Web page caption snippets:
========================
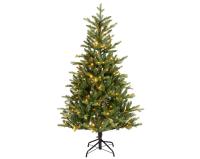 Ель искусственная Эллисон 180см с огнями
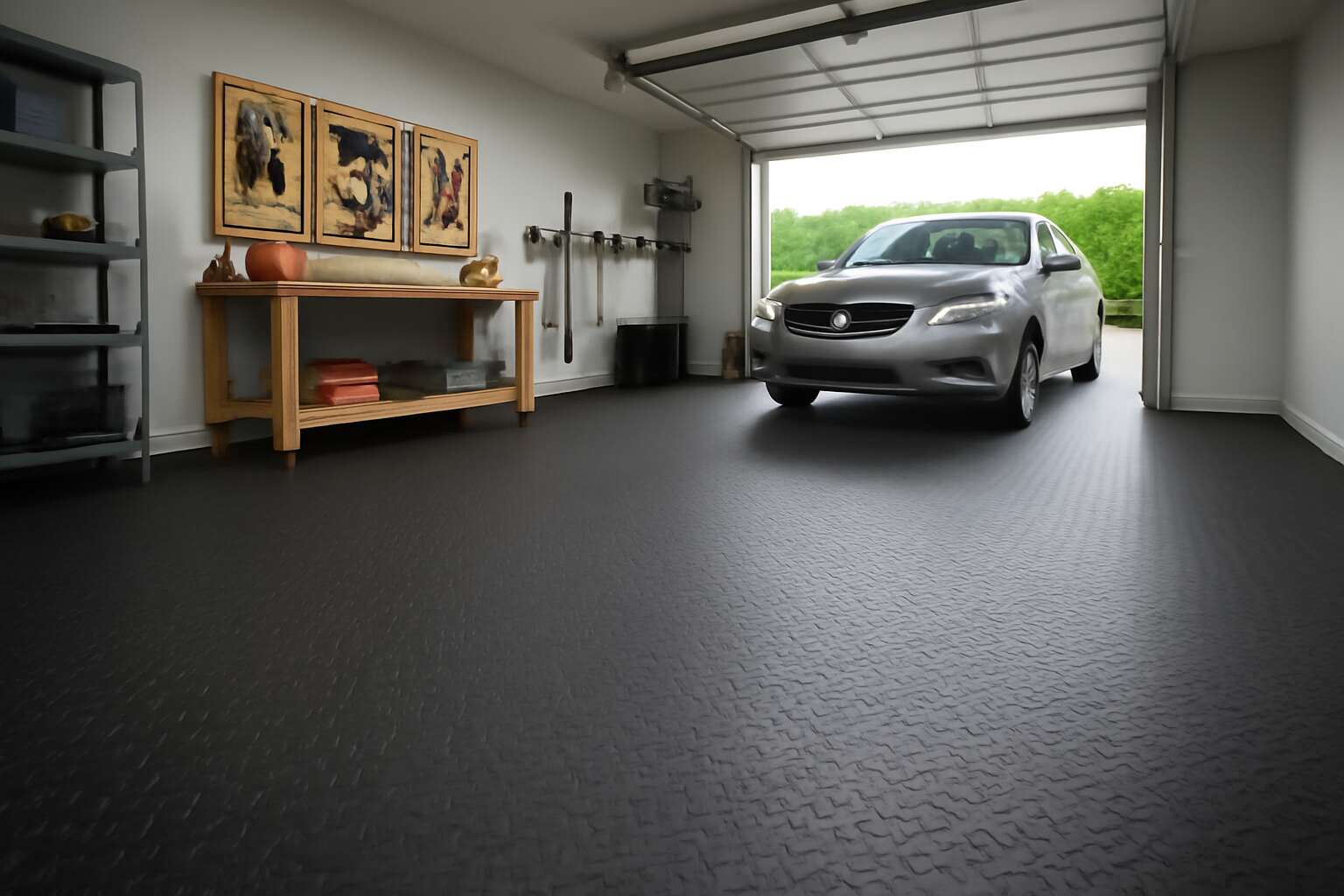 rubber floor mats for the garage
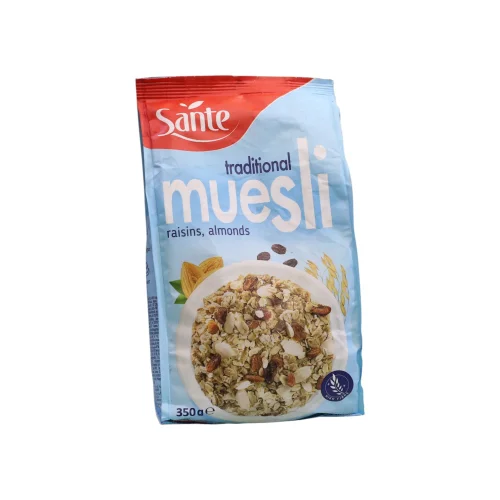 سانتي موسلي تقليدي Sante Traditional Muesli (350g)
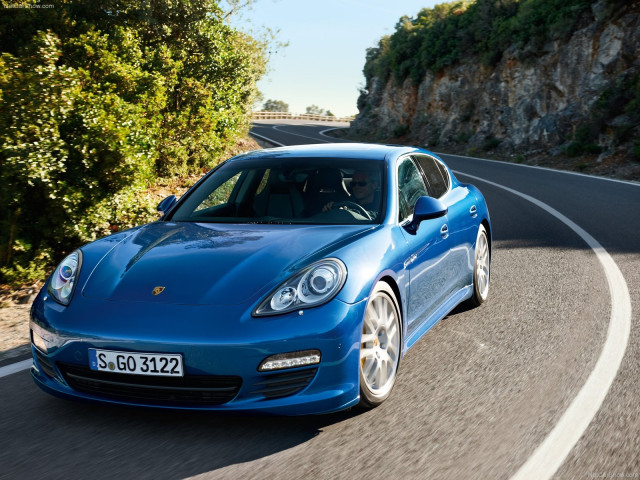 porsche panamera s hybrid pic #78321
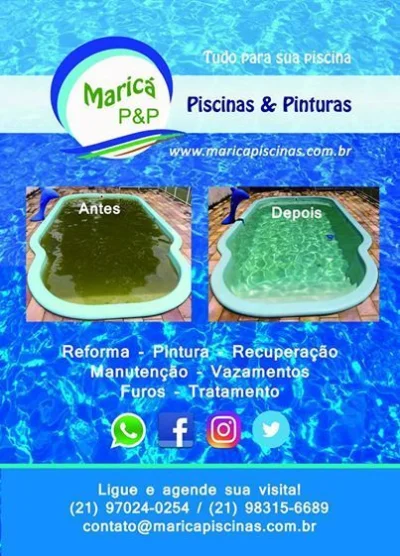 Pintura de Piscina, Casas e Apartamentos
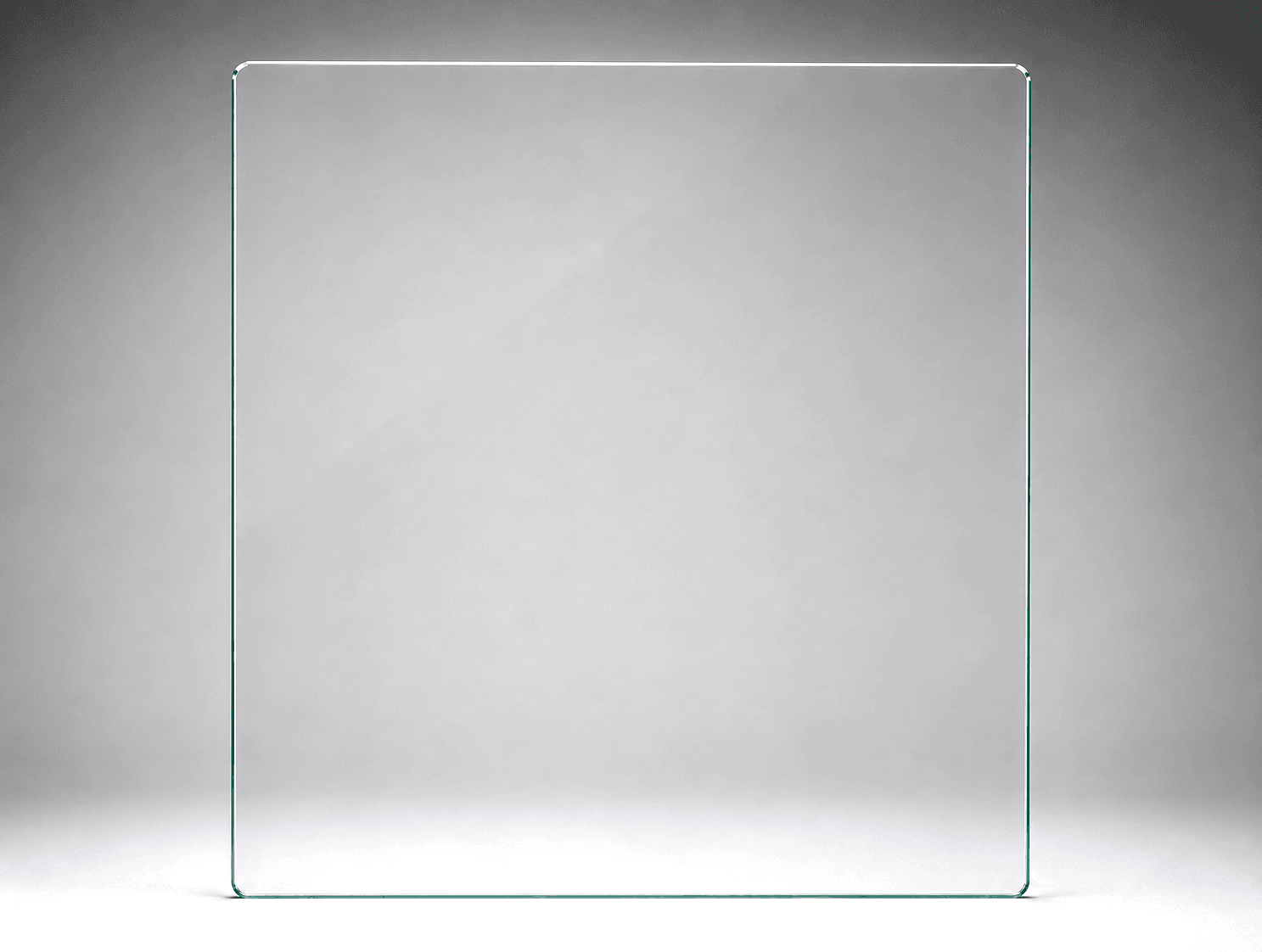 Standard 12mm toughened glass frameless pool fence panel, 1100mm wide x 1200H, standard run panel.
========================
*WHAT TO WORK ON*
All lines from the one containing "rubber floor mats for the garage" through the end of the data are to be written out exactly, with nothing added; skip the pictures.

*ANSWER AREA*
 rubber floor mats for the garage
 سانتي موسلي تقليدي Sante Traditional Muesli (350g)
 porsche panamera s hybrid pic #78321
 Pintura de Piscina, Casas e Apartamentos
 Standard 12mm toughened glass frameless pool fence panel, 1100mm wide x 1200H, standard run panel.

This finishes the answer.